Lets say you are getting thousands of hits on your website but you don't know what that means for sales. Is there a correlation? Is the web traffic causing the sale or is the sale causing the web traffic? If you were to contract us at Anovisions we might look at you data and run a Pearson's (or Spearman's) correlation  analysis followed by a regression analysis that would tell us that web traffic is a driver of sales and it makes sense to invest more in web advertising. Or not. This inexpensive service pays for itself very quickly as you implement the step-by-step plan we provide for you.

Check out www.anovisions.com or email sheila@anovisions.com to learn more.








Sunday, June 2, 2013

Lies, damn lies, and statistics

How much can you trust the studies that you hear about in the news every day? If somebody says, "A new study shows that weight gain causes earlier deaths," should you believe it?
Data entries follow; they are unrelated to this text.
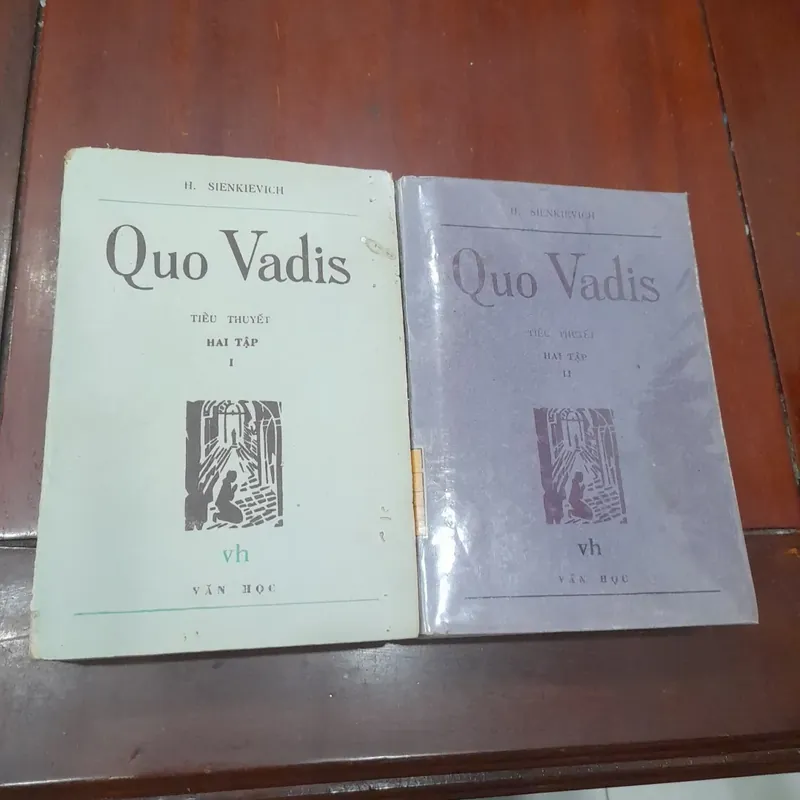 H. Sienkievich - QUO VADIS (trọn bộ 2 tập - tiểu thuyết văn học Ba Lan) 675564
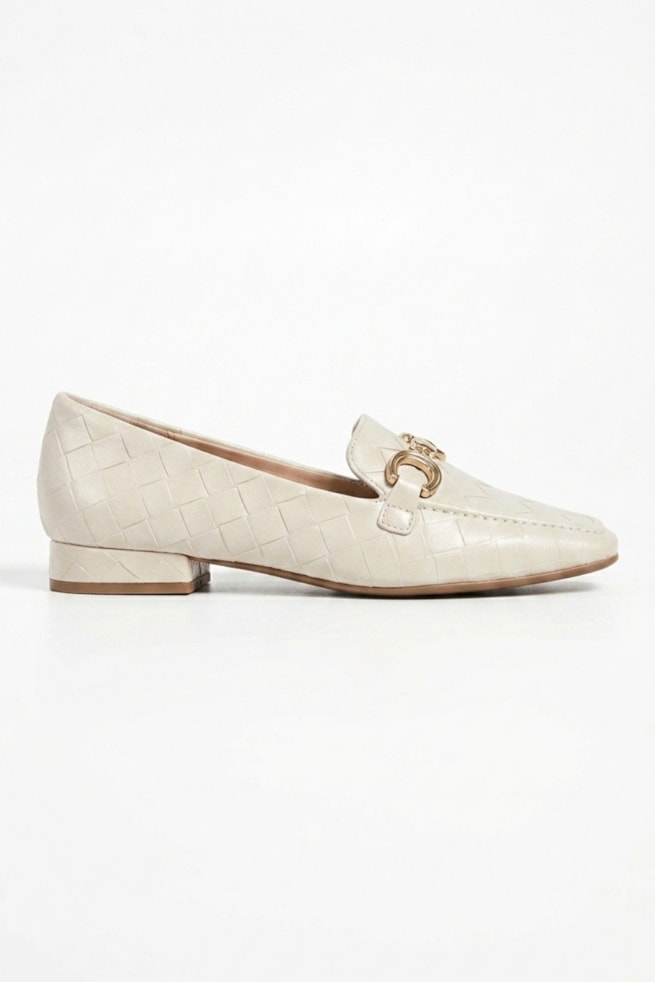 Brenda - Mocassim Off White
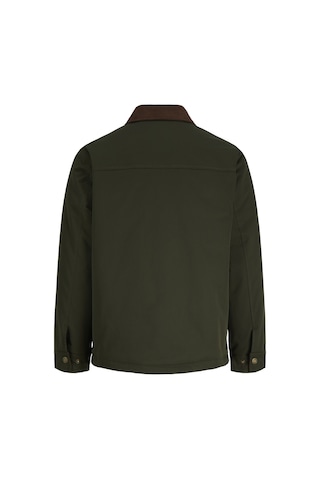 Jack & Jones Erkek Klasik Yaka Uzun Kollu Puffer Mont - Norrebro - 12307768 Rosin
Here are a few rules of thumb to follow when deciding what to believe:

  1. If the word "cause" is anywhere in the sentence, delete it from your memory. It is very hard to prove cause and effect. As a matter of fact, weight gain does not "cause" earlier death. The study that hit the presses years ago and made us all afraid has been debunked because of some interesting choices in the study design. I won't go into details: This is Practical Stats, after all.
  2. If the reporter (or whoever) uses the words "associated" or "correlated," and then goes on to conclude that you should behave differently, scoff and ignore the story. What many people who repeat study findings simply don't know (or acknowledge) is that weight gain and early death, for instance, might both be caused by a third phenomenon, such as exposure to cheap unhealthy food. It may not be the weight gain that is "causing" early death, but rather the chemical processes set off by certain types of diets. That chemical process may (may) cause both weight gain and early death. So don't rush out to go on a diet if you gain a few pounds before you talk to your doctor about it. 
  3. Remember that all studies are biased by the cultures in which they are produced. For example, Americans are committed as a nation to early independence for children and to a certain style of education. So when you hear someone say that "enrolling children in day care centers early is linked to better adaptation to school" you might conclude that you need to enroll your children right away in a day care center so they will behave well in school. But let's think this through. First, that little phrase "is linked to" implies that the one (day care) causes the other (better behavior in school). And second, is better behavior in school the end game for your children? Behind the entire "finding" is the hidden implication that behaving well in school is the best possible thing, that behaving well in school predicts that your children will lead happy lives (or do we prefer "successful lives"?). Note that school is nothing like life, where you are exposed to people of various ages and must get along with them every day, where you have the choice of working in a lab or at home with your computer, where you can make money leading mountain climbing expeditions or fixing what's broke, where fewer and fewer of us spend our days in the factories after which the American school system was modeled, and (this is the important bit) where your skills at being in a family matter more than anything else. Ask the question, "Has anybody studied the link between early time at home and happiness in family life in adulthood?" Look for the cultural bias when you hear about a study. Ask yourself what your goals are and then figure out whether the hidden cultural bias in a finding applies to you. Then follow your heart, not the numbers, and do the right thing for yourself and those you love.